- _EXERCISE DETAILS_: Here is a listing. Write it all out again exactly, but not its pictures.

- _MATERIAL PROVIDED_:
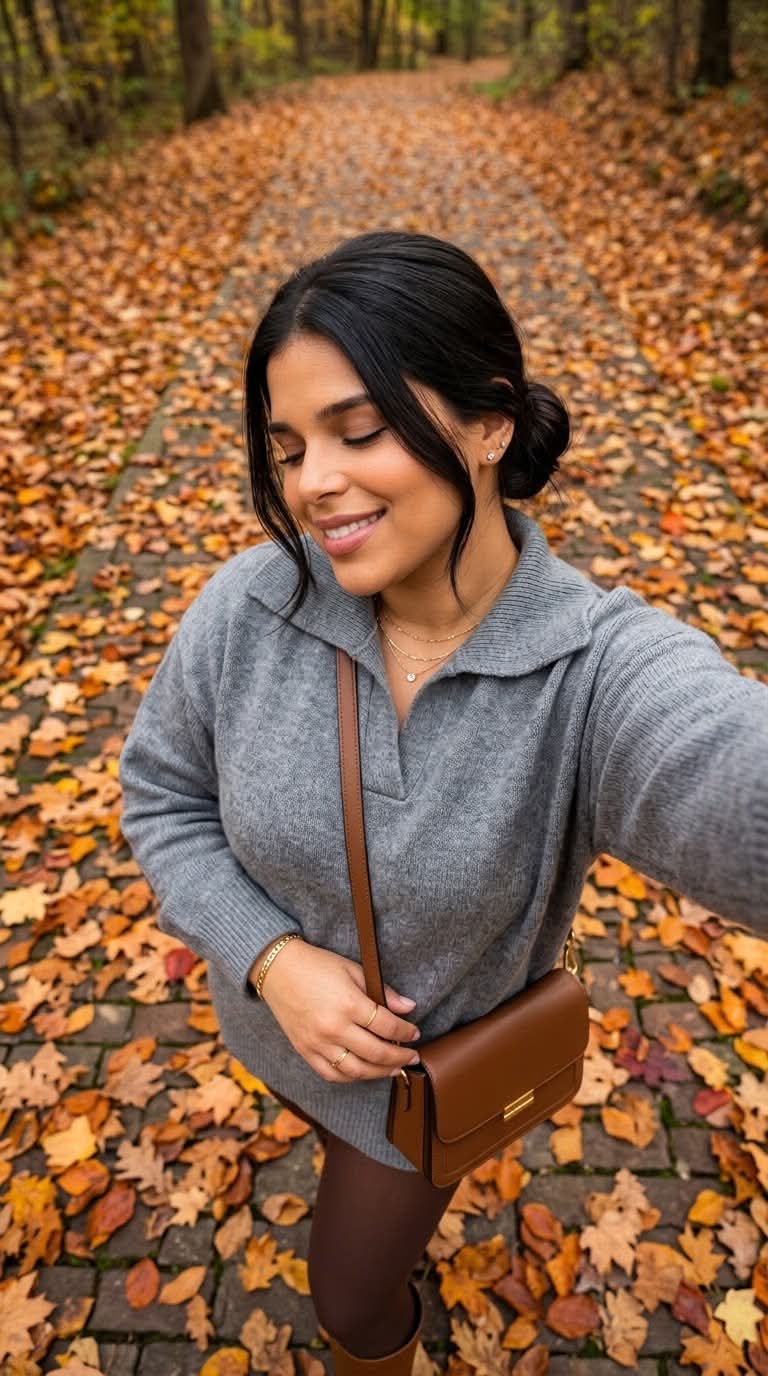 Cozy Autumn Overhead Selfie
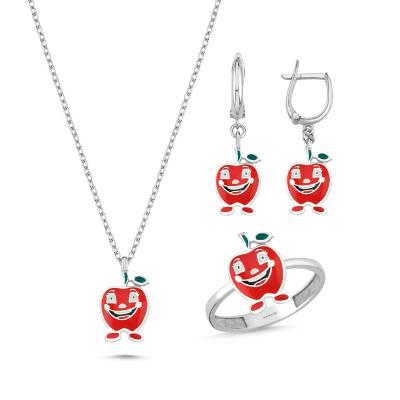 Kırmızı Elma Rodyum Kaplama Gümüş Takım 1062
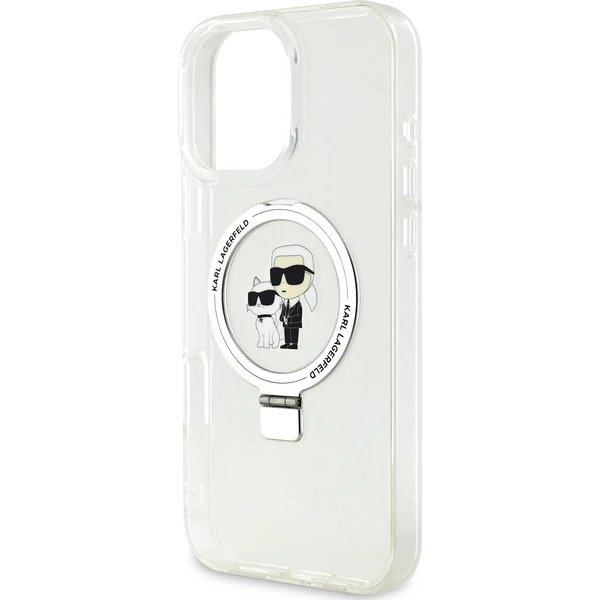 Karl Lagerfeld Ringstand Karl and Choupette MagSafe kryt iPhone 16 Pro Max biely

- _EXPECTED ANSWER_:
 Cozy Autumn Overhead Selfie
 Kırmızı Elma Rodyum Kaplama Gümüş Takım 1062
 Karl Lagerfeld Ringstand Karl and Choupette MagSafe kryt iPhone 16 Pro Max biely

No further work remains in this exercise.